MATERIAL FOR THIS TASK:
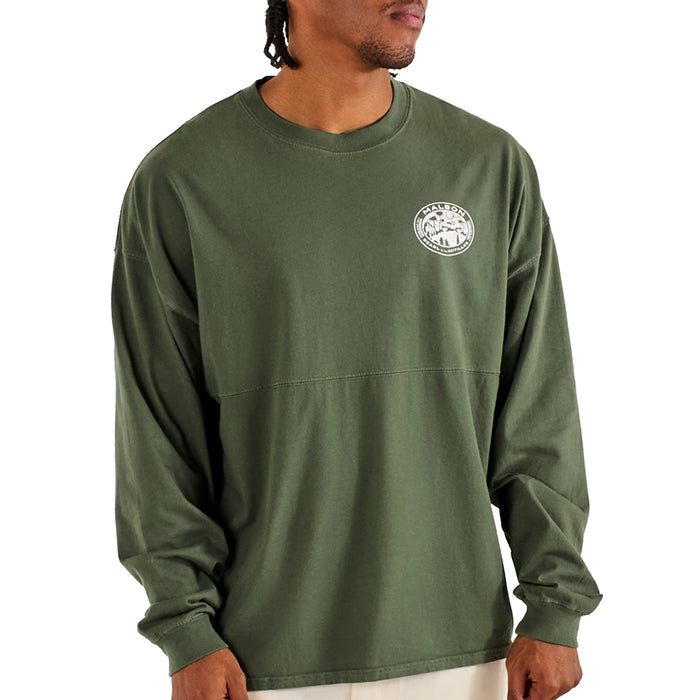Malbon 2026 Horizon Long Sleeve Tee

---

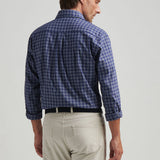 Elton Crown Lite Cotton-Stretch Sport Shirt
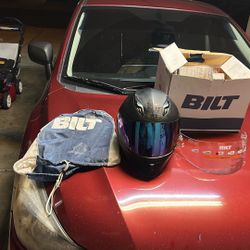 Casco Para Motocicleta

EXERCISE: What are the lines above from the one with "Elton Crown Lite Cotton-Stretch Sport Shirt" to the one with "Casco Para Motocicleta", both included? Reproduce them exactly, without pictures.

RESPONSE TO THIS TASK:
 Elton Crown Lite Cotton-Stretch Sport Shirt
 Casco Para Motocicleta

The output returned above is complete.